Discovery service
Kernel service responsible for keeping track of which services are
running on which hosts, plus lots of information about those running
services - including which endpoints they have and which version they are.
Remember that we can happily run more than once instance of a service
on the same box. Each instance gets its own random UUID to identify it,
and we use this to uniquely identify and address each instance.

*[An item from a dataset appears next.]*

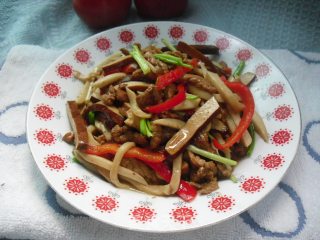 鸡腿菇香干炒肉丝的做法步骤：9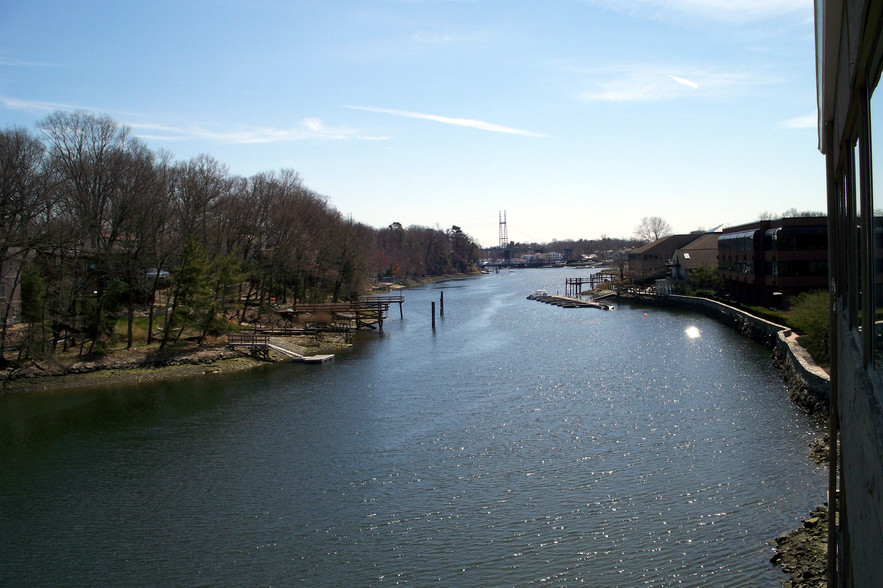 251 Riverside Ave, Westport, CT à louer - Photo de l’immeuble – Image 2 sur 2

To ensure the data is fresh and valid, the discovery service is responsible
for sending heartbeats to instances periodically, removing any
services that do not respond to heartbeats within a timely fashion.
Summary of concepts
Instance
A running service. Has a unique identifier (which corresponds to its RabbitMQ
queue name) plus information about the service, such as the name and the
version. Entirely plausible to have more than one local instance of the
same service, potentially with different versions.
Service
A collection of endpoints, grouped into a single unit of deployable code.
Endpoint
A single feature that can be invoked, with a specific request and response
definition.
Architecture
The beating heart of the service is the registry. This has two jobs:
- keeps track of locally registered services, sends these heartbeats,
and removes any that become unhealthy
- keeps in sync with all the other discovery service instances to build
up a full picture of all services running on every host (in a region)
such that it can't quickly answer questions on these
The design relies on ZooKeeper to maintain shared state in the region, establishing
watches to react to changes invoked by other discovery service instances.
The core of this is the syncer
loop with region registry:
for {
instanceIds, _, watch, err := zk.ChildrenW(rootNode)
if err != nil {
log.Errorf("[Discovery] Failed to read children, so exiting: %v", err)
break
}
if err := r.sync(instanceIds); err != nil {
log.Errorf("[Discovery] Failed to sync instances, so exiting: %v", err)
break
}
// @todo not entirely sure what happens when zk conn.Close() happens - hopefully sender closes channel
e := <-watch
log.Debugf("[Discovery] Watch triggered for event %v", e)
}
And then when we trigger a watch, we simply reload all children, watch again, and
then go and compare the child nodes with our in-memory structure:
seen := map[string]bool{}
for _, id := range instanceIds {
log.Debugf("[Discovery] Attempting to sync %v", id)
// do we know about this? assumption: registry never changes for an instance ID
if _, ok := r.instances[id]; !ok {
// look up and add this instance
b, _, err := zk.Get(zkPathForInstance(id))
if err != nil {
return err
}
// unmarshal the document
instance := &Instance{}
if err := json.Unmarshal(b, instance); err != nil {
return err
}
r.instances[id] = instance
}
seen[id] = true
}
The key thing here is that we only go to ZK when we absolutely have to, in
order to Get
the details of a new node we haven't yet seen.
For querying, everything is in-memory and uses a handy DSL:
instances := registry.AllInstances().Filter(
registry.MatchingServicePrefix("com.hailocab.kernel")
)
for _, i := range instances {
log.Debugf("Instance: %v", i)
}